ETL vs. ELT: What’s the Difference, and Which is Best for You?
ETL (extract, transform, load) and ELT (extract, load, transform) are two common methods of moving data from one place to another in a data pipeline. But how exactly do they work, what's the difference between them, and what are the benefits and drawbacks of each approach to moving your data?
What is ETL?
ETL stands for extract, transform, load. These three words describe what is happening to the data, and the sequence in which it happens, as part of a data pipeline. In the case of an ETL pipeline, the data is extracted from its source or sources, transformed, and then delivered to its final destination.

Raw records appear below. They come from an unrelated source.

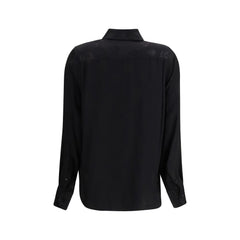 Alexander McQueen Schwarzes Hemd aus Viskose mit Muster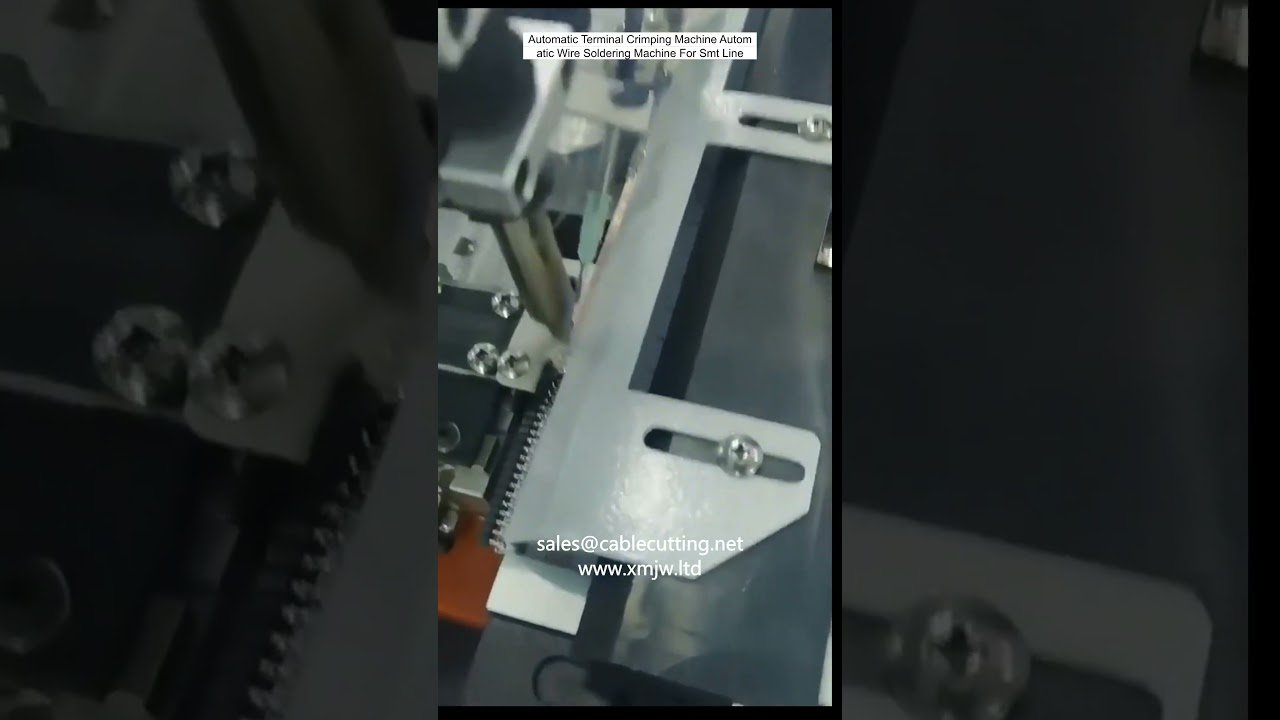 Macchina automatica per crimpatura terminali e saldatura fili – Ottimizza la tua linea SMT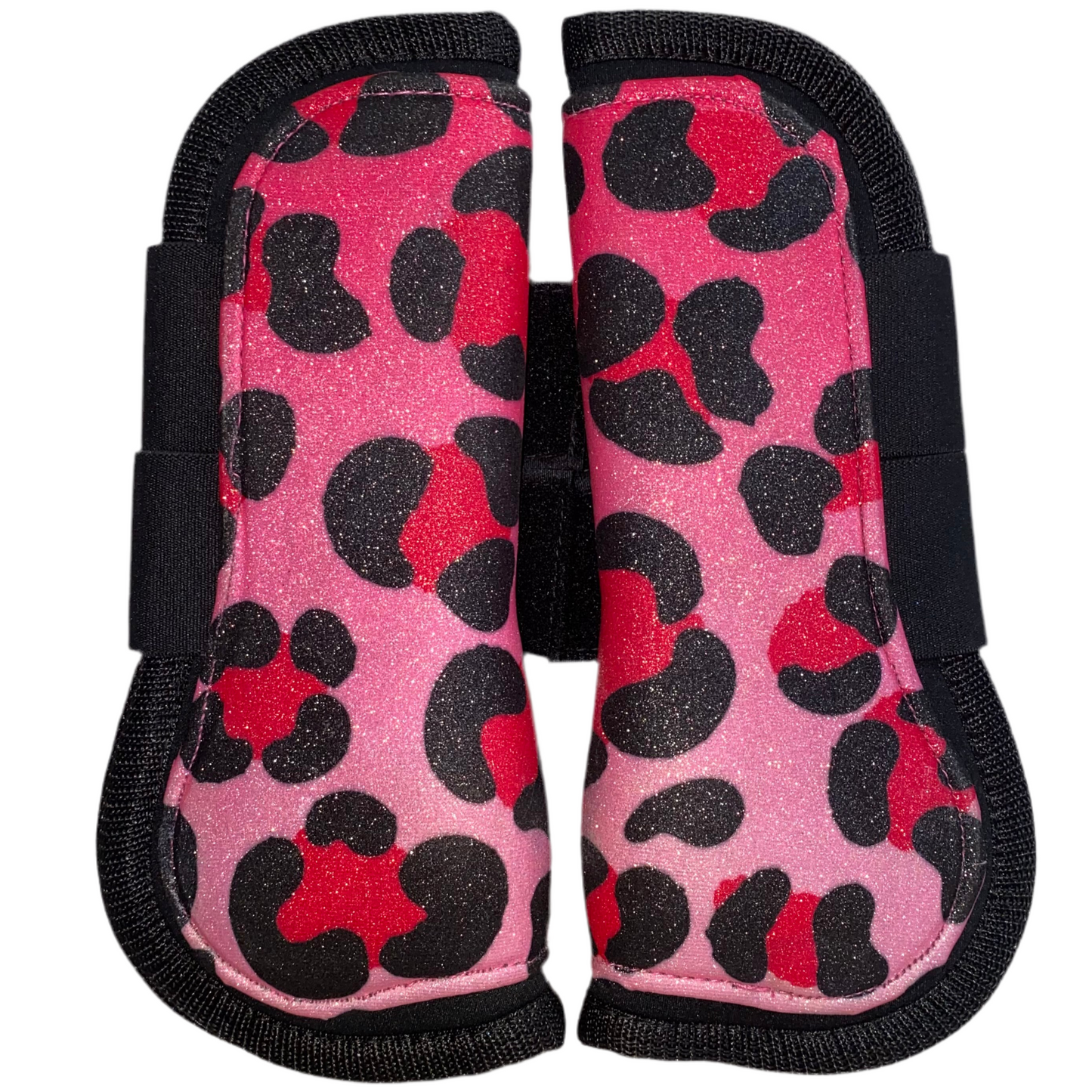 Stinchiere leopardate rosa glitter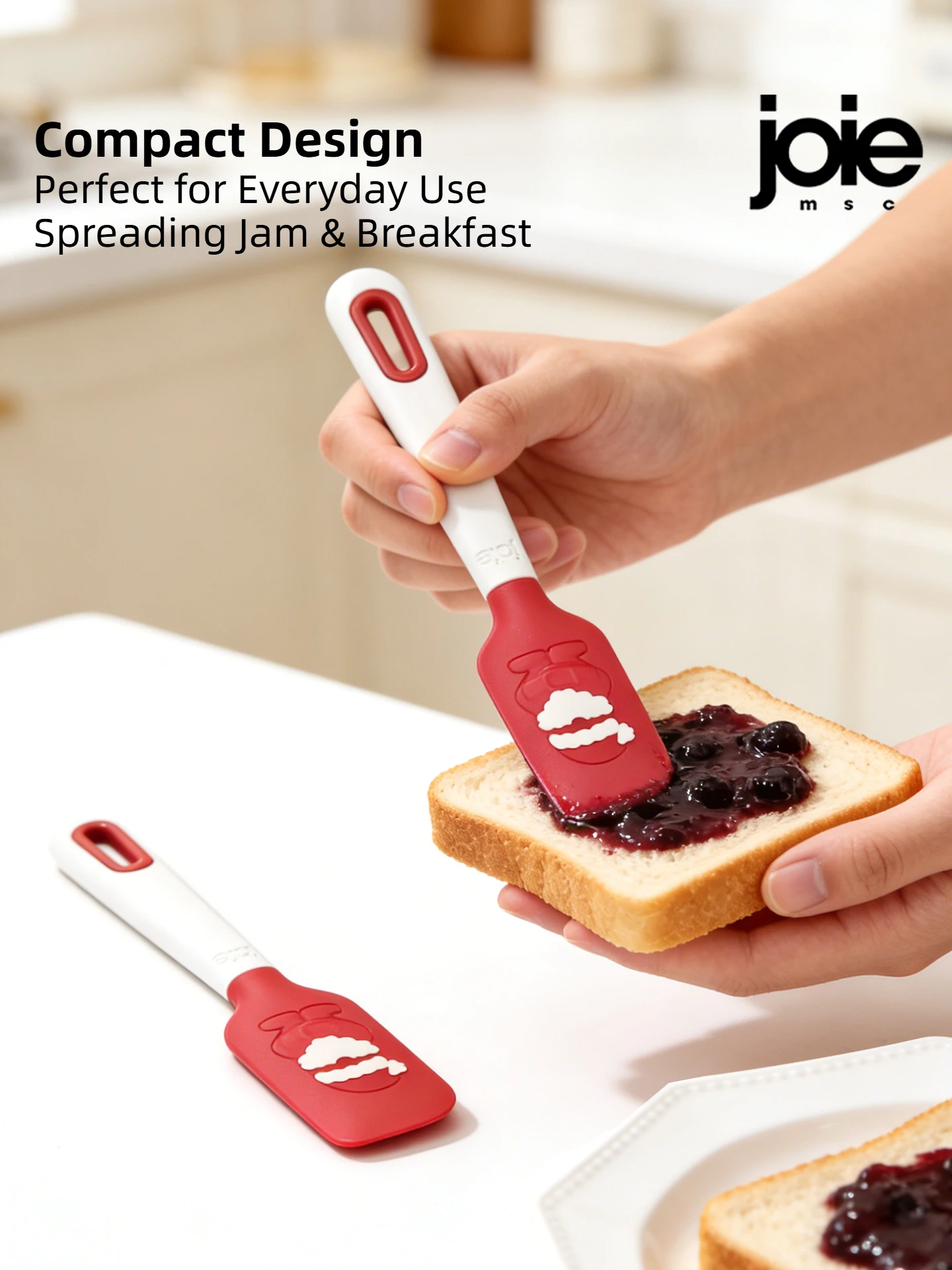 Joie Mini Silicone Spatula Small Food Grade Heat Resistant Baking Scraper for Jam Cream Butter Icing Kitchen Utensil Tool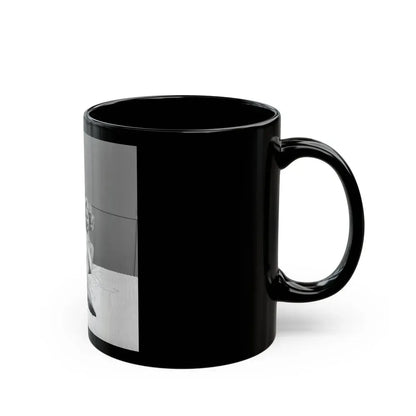 Greta Thyssen #77 (Vintage Female Icon) Black Coffee Mug - Go Mug Yourself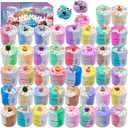 Butter Slime Kit with Multiple Colors, 42 Packed Slimes with 24 Decorative Toppings, Sprinkles, Craft Toy, Party Favors for Kids, Gift for Girl and Boys 6 7 8 9 10 11 12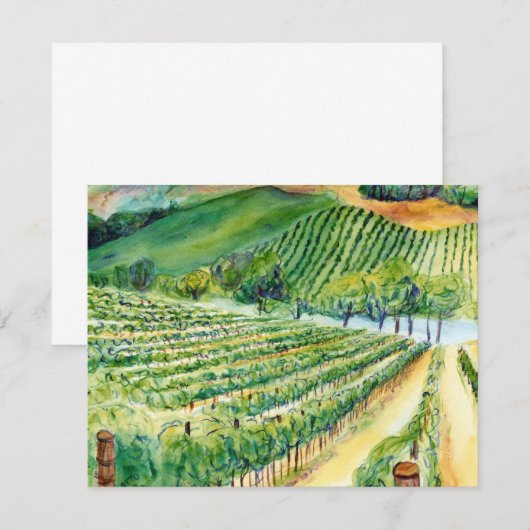 Einladung von California (Vorne/Hinten)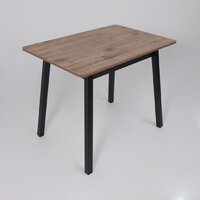 Кухонный стол Мамадома Tirk radial-94 раздвижной 94-126х64 (дуб веллингтон/черный) - Превью изображения №7 — Интернет-магазин Time-Shop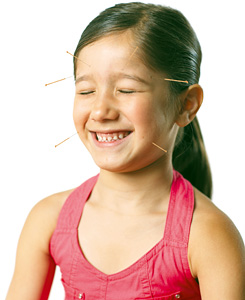 Pediatric Acupuncture - Copyright – Stock Photo / Register Mark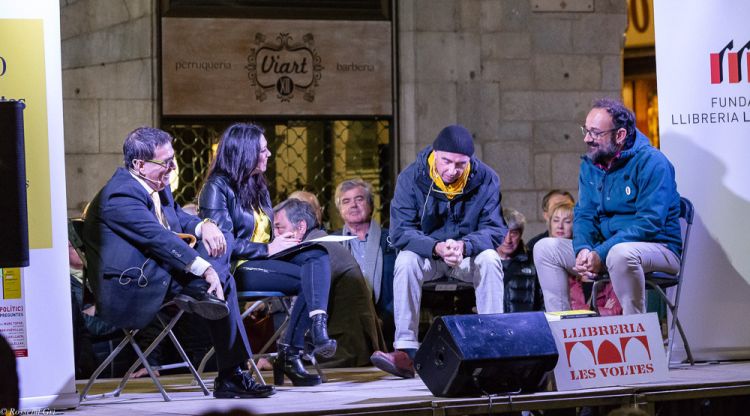 Presentació del llibre de Jaume Alonso-Cuevillas a Girona (arxiu). Rossend Gri Casas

For example, an ETL pipeline might be used to pull data from various sources, unify it, and insert it into a data warehouse for later analysis. As part of this process, an ETL pipeline does the following:
- It extracts the data from its source or sources. Common data sources for ETL pipelines include SQL or NoSQL databases, SaaS tools, and streaming data APIs.
- It transforms the data. This may involve joining data sets from different sources (for example, joining customer data from several different SaaS product and marketing tools), cleaning the data, and transforming the data (for example, converting the data to a different type) to ensure it conforms to the standards required by the destination.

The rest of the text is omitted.